British First World War flying ace

Captain David James Hughes (16 April 1899 – 21 June 1955) was a Welsh First World War flying ace credited with five aerial victories.

Hughes was born in Hoole, Chester, to Welsh parents James Hughes, a draper from Bryneglwys, and Catherine Griffith from Caernarfon.

==Military service==
Hughes was commissioned into the Royal Flying Corps as a temporary second lieutenant (on probation) on the General List on 12 August 1917, and was confirmed in his rank on 30 October.

After completing his pilot's training, Hughes became an instructor for a while. He was then assigned to No. 3 Squadron to fly a Sopwith Camel.
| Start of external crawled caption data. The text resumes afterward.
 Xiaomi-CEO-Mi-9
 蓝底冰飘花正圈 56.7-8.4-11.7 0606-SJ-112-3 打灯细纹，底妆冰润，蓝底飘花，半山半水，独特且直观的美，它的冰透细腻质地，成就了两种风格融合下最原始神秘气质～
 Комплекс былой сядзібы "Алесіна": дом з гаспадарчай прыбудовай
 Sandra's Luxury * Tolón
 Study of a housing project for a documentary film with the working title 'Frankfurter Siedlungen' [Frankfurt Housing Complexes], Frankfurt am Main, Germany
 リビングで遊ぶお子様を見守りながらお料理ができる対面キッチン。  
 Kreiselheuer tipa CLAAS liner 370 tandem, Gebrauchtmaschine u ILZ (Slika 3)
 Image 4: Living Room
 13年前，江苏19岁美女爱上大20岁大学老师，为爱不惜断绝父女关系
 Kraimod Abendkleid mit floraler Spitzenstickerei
He ran up a total of two enemy aircraft destroyed, two driven down out of control, and one captured, between 8 August and 23 October 1918.

His award of the Distinguished Flying Cross was gazetted in November 1918, his citation reading:
Lieutenant David James Hughes.
"A gallant and skilful officer. On 4th September his patrol was attacked by eight Fokker biplanes. Proceeding to the assistance of one of our machines that was in difficulties, Lieut. Hughes was himself attacked by two enemy aeroplanes and driven down, to 4,000 feet, his petrol and oil tanks being shot through. By skilful manoeuvring he regained our lines, pursued by one of the enemy, which, at 2,000 feet, he engaged, bringing it down in our lines."

Hughes left the RAF, being transferred to the unemployed list, on 28 January 1919.

He immigrated to the United States in 1929, working as a cotton broker. He died in Dallas in 1955 of emphysema.